Problem statement — When writing out the entries below, keep only the lines from the line with "HERMES Clemence皮革Mini Lindy金扣手挽肩背兩用袋Nata" to the line with "Colorful Love Heart", both included, exactly as they are, and leave the pictures aside.

Records —
BEGIN
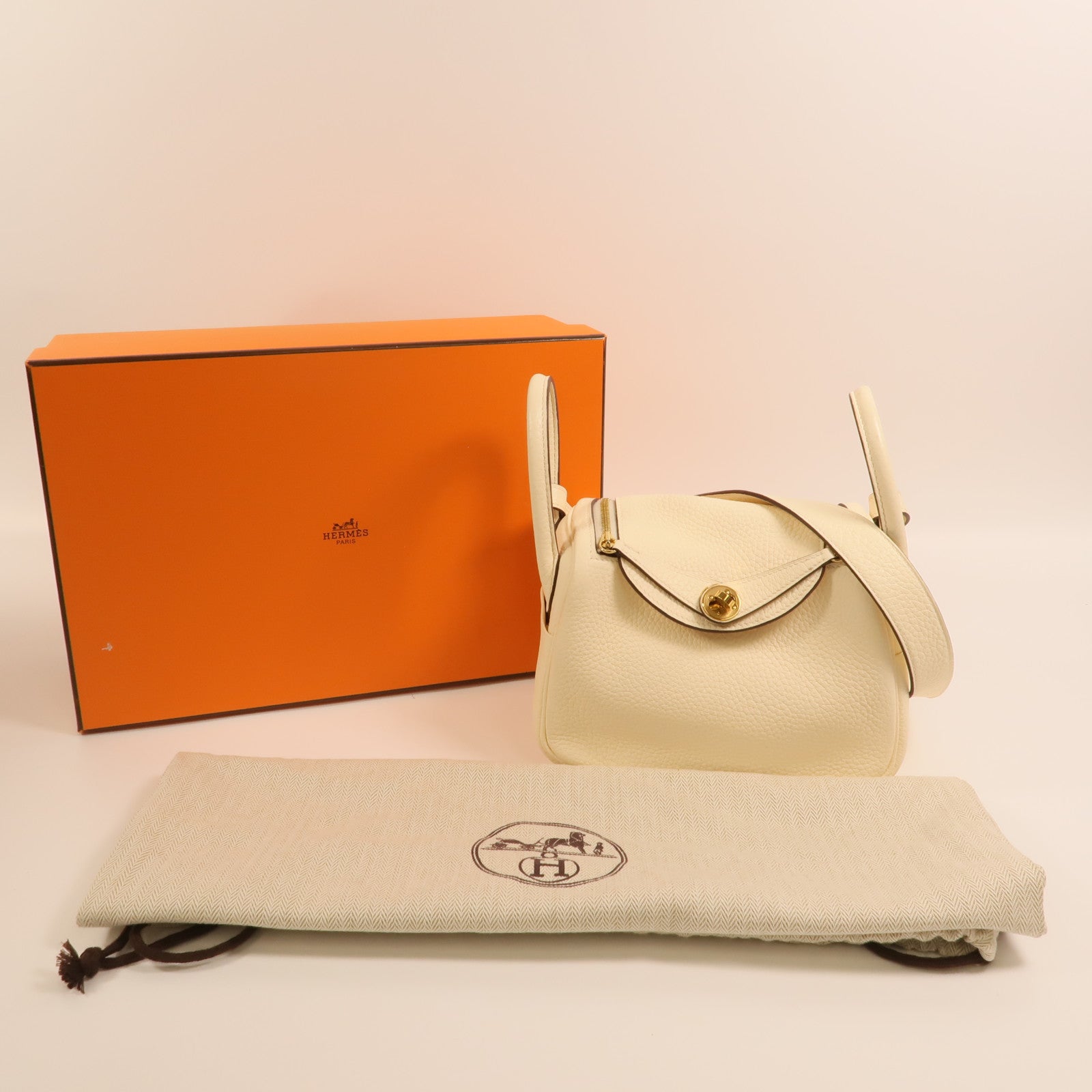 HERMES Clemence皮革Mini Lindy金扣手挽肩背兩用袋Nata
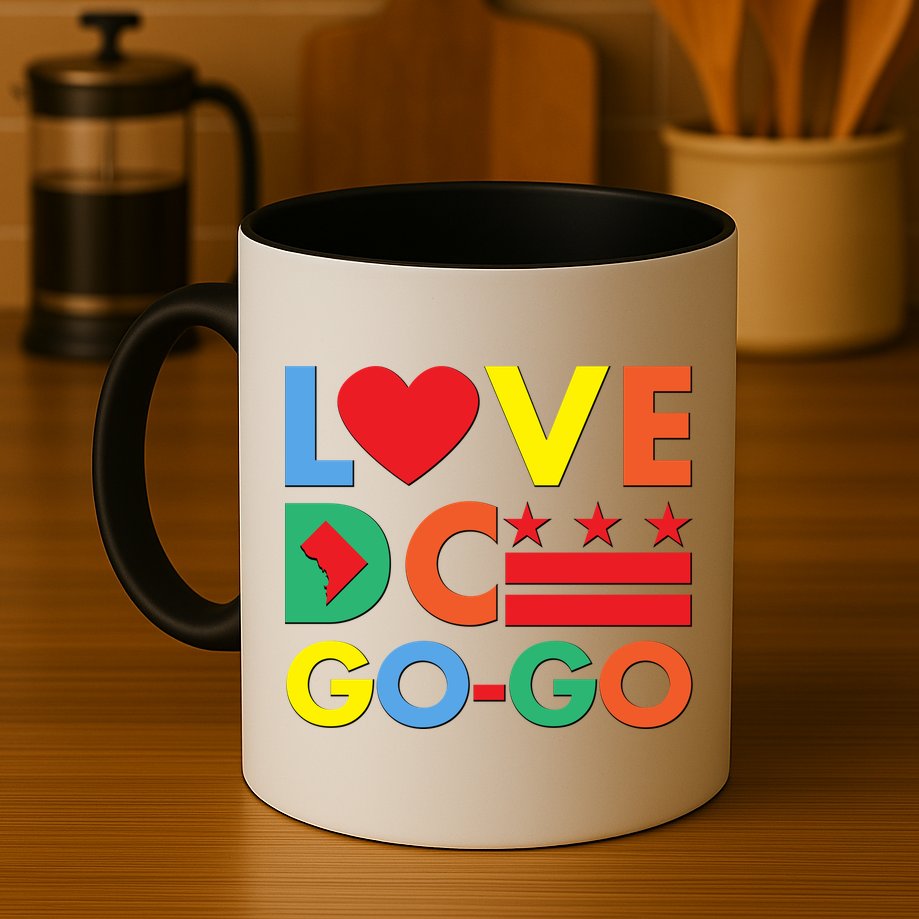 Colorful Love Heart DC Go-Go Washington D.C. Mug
END
BEGIN
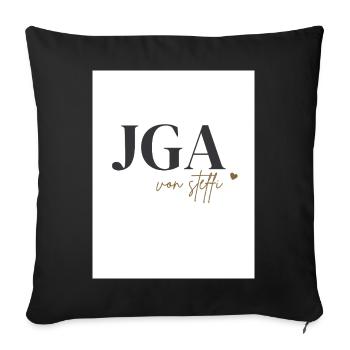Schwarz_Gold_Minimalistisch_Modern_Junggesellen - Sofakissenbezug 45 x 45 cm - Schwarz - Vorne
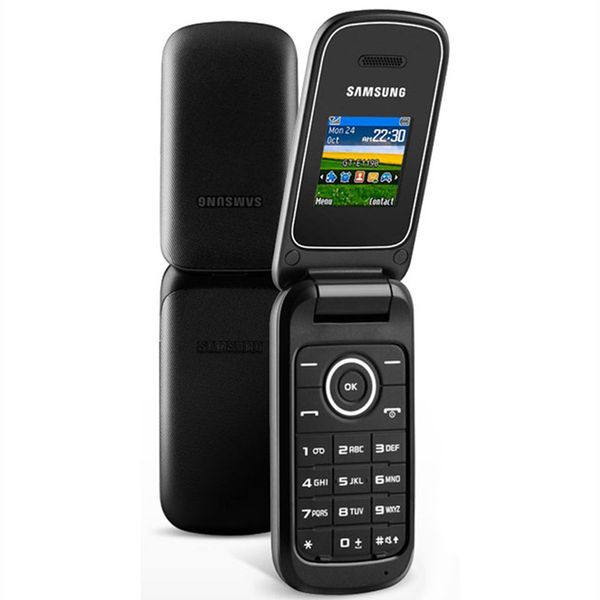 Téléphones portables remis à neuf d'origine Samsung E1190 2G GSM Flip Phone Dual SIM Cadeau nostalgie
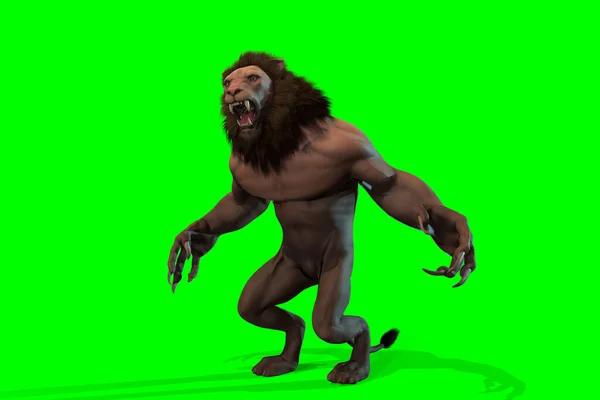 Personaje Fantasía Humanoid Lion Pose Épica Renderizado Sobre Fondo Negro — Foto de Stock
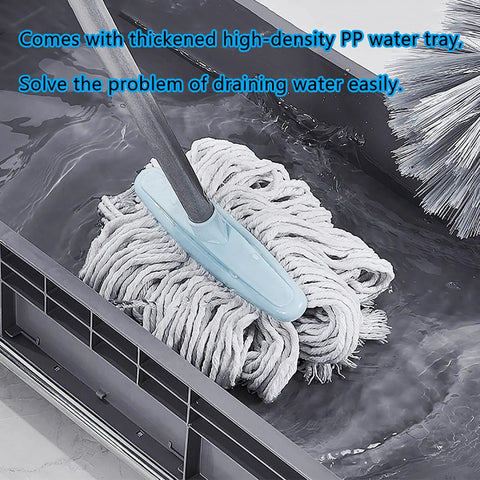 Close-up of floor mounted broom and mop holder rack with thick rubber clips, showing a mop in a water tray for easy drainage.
END
Answer to this problem —
 HERMES Clemence皮革Mini Lindy金扣手挽肩背兩用袋Nata
 Colorful Love Heart DC Go-Go Washington D.C. Mug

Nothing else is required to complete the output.